The Seattle Housing Affordability Dashboard is an interactive project that looks at rent burden, household income, and Mandatory Housing Affordability (MHA) zoning in Seattle from 2006 to 2022. By combining a map with linked charts, the dashboard helps users explore how housing affordability changes across time, neighborhoods, and demographic groups.
Instead of only showing numbers in a table, this project makes it easier to see where housing challenges are more concentrated and how those patterns connect to broader growth and policy changes in the city.
The goal of this project is to better understand where renter cost burden is most concentrated in Seattle and how it relates to income and MHA zoning patterns. Through interactive visualization, users can compare rent burden across years, demographic groups, and neighborhoods while also seeing the larger spatial patterns across the city.

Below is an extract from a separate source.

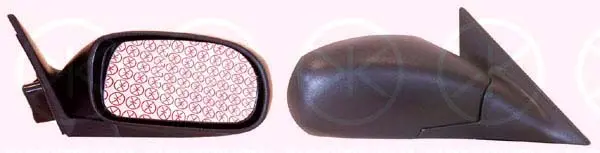 външно огледало KLOKKERHOLM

When working with housing and demographic data, it is important to think carefully about how the information is presented. Maps and visualizations can shape how people understand neighborhoods, so this project aims to focus on broader structural patterns rather than judging or labeling specific communities. The purpose of the dashboard is to encourage understanding of housing affordability challenges in Seattle in a way that is thoughtful and responsible.
Although the datasets used in this project provide useful insight, they do not capture every part of people's housing experiences. Conditions can vary within neighborhoods, and factors such as displacement, housing quality, and personal financial circumstances are harder to represent in one dashboard. Because of this, the visualizations should be understood as general patterns rather than exact descriptions of every renter's experience.